HOW TO COMPLETE THIS TASK
The records below are to be set down word for word, with every picture left out.

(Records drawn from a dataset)
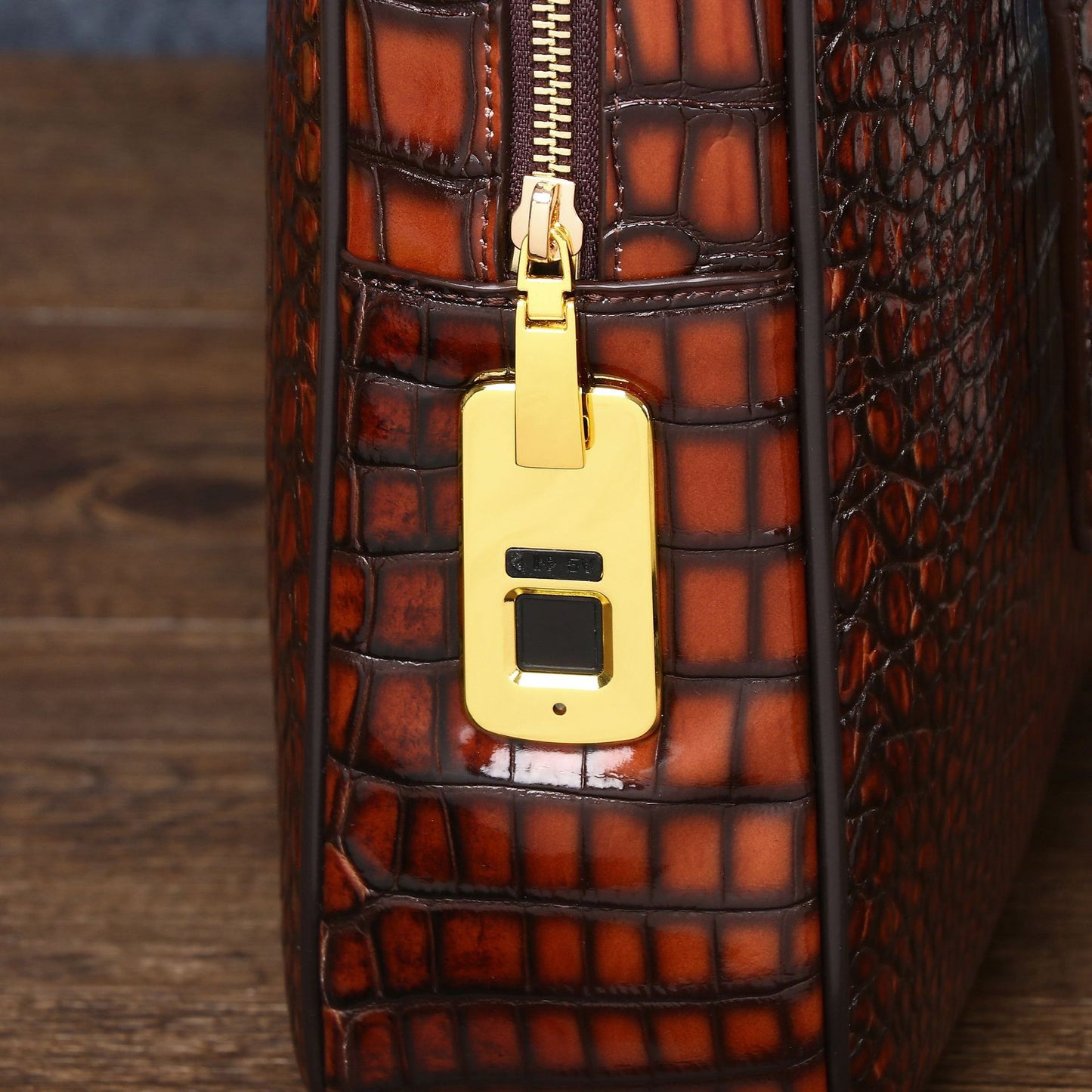 New Arrival Croc-Effect Large Briefcase with Smart Fingerprint Lock for Men, A Distressed Business Top-Handle Horizontal Bag with Trendy Design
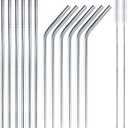 BambooMN Reusable Stainless Steel Metal Drinking Straws - 8"/8.5" (4 Thin Straight/4 Bent Straws) w/ 2x Cleaning Brushes - 8 Pack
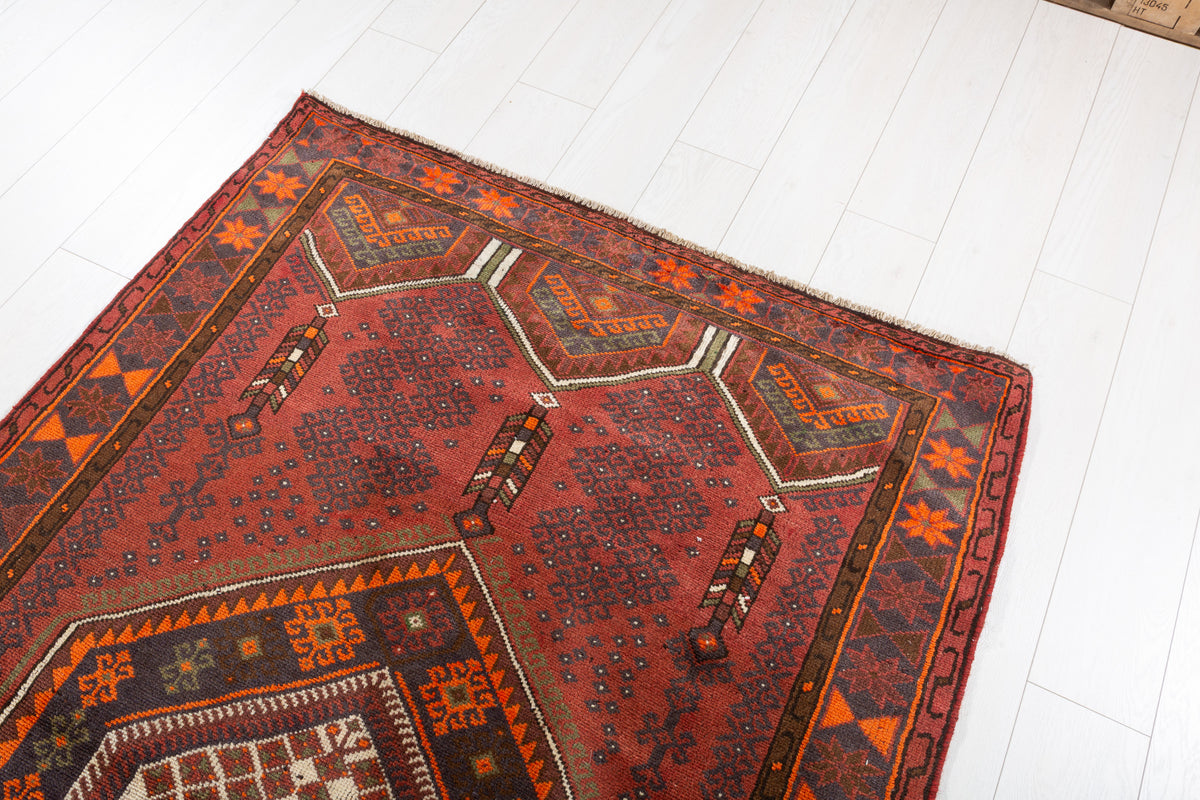 Tapis vintage rouge rouille et orange à motif géométrique – 6' 6" x 4' 1" (198 x 125 cm)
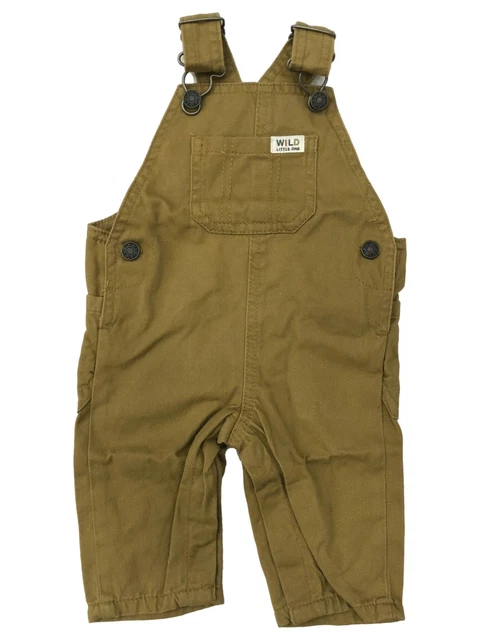 Carters Infant Boys 2pc Baby Outfit Brown Overalls & White Tiger Tee Set 2
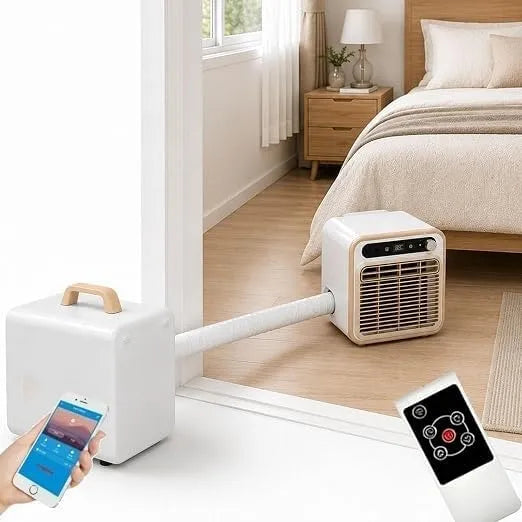 Annuod 12-Stunden-Timer 12-timers, Split-klimaanlæg, Split klimaanlæg til undervejs, Stille camping klimaanlæg med Wi- Fi og, Hvid, 24V, 48V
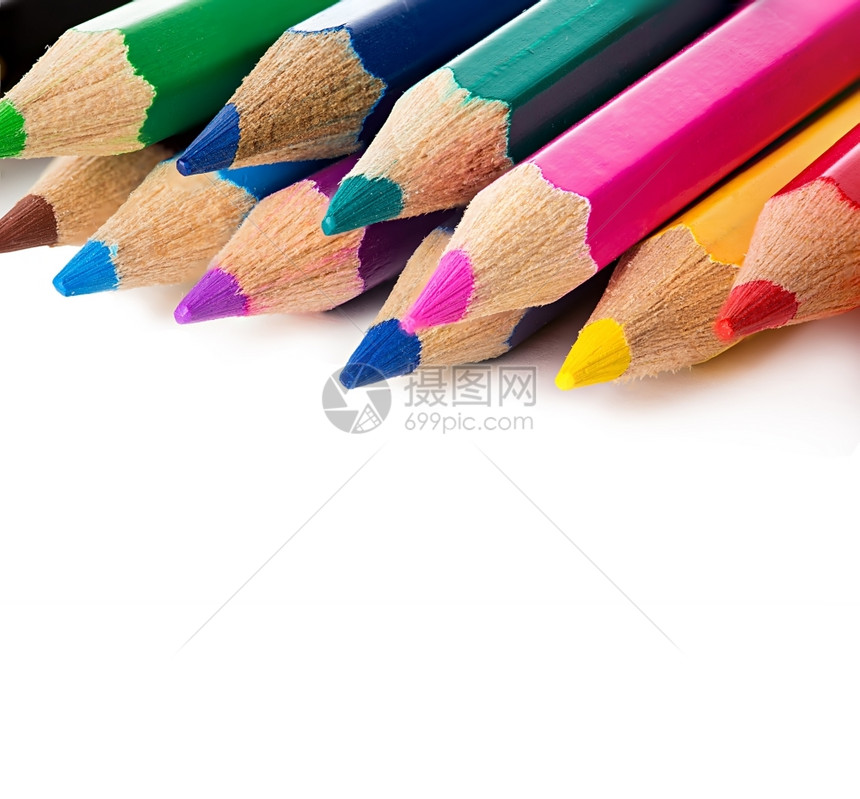 彩色铅笔头特写图片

EXERCISE ANSWER
 New Arrival Croc-Effect Large Briefcase with Smart Fingerprint Lock for Men, A Distressed Business Top-Handle Horizontal Bag with Trendy Design
 BambooMN Reusable Stainless Steel Metal Drinking Straws - 8"/8.5" (4 Thin Straight/4 Bent Straws) w/ 2x Cleaning Brushes - 8 Pack
 Tapis vintage rouge rouille et orange à motif géométrique – 6' 6" x 4' 1" (198 x 125 cm)
 Carters Infant Boys 2pc Baby Outfit Brown Overalls & White Tiger Tee Set 2
 Annuod 12-Stunden-Timer 12-timers, Split-klimaanlæg, Split klimaanlæg til undervejs, Stille camping klimaanlæg med Wi- Fi og, Hvid, 24V, 48V
 彩色铅笔头特写图片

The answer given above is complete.